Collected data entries
************

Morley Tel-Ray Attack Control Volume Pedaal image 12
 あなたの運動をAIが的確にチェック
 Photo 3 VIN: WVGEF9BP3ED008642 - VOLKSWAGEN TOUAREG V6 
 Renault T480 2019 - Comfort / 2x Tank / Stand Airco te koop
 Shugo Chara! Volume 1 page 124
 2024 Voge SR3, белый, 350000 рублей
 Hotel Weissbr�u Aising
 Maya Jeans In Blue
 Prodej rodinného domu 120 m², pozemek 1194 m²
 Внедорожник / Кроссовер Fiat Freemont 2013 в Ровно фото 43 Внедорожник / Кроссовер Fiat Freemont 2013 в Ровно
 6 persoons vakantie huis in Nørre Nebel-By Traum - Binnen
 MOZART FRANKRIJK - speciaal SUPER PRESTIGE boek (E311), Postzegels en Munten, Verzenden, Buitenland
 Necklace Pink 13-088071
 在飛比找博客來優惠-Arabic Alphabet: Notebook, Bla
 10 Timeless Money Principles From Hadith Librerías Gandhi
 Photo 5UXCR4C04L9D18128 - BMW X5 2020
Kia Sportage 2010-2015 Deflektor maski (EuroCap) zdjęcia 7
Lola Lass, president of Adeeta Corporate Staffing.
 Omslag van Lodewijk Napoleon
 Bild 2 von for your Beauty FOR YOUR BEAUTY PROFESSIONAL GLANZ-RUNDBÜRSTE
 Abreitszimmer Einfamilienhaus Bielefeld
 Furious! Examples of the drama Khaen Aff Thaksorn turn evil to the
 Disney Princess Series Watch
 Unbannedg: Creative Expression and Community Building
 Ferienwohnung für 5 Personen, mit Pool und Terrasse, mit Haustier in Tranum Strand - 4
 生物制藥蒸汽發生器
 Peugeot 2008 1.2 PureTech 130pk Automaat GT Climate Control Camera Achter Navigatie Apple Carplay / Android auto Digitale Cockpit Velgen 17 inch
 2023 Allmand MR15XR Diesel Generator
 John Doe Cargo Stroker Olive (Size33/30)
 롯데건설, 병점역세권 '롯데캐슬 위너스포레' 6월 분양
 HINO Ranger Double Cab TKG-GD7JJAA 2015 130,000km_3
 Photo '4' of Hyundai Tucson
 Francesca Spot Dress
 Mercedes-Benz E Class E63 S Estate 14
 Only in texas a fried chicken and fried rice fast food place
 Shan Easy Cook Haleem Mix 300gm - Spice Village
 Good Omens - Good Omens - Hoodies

************

**Task description**: Print only the lines from the top of the data above down to the line holding "Prodej rodinného domu", inclusive.

**Exercise result**:
Morley Tel-Ray Attack Control Volume Pedaal image 12
 あなたの運動をAIが的確にチェック
 Photo 3 VIN: WVGEF9BP3ED008642 - VOLKSWAGEN TOUAREG V6 
 Renault T480 2019 - Comfort / 2x Tank / Stand Airco te koop
 Shugo Chara! Volume 1 page 124
 2024 Voge SR3, белый, 350000 рублей
 Hotel Weissbr�u Aising
 Maya Jeans In Blue
 Prodej rodinného domu 120 m², pozemek 1194 m²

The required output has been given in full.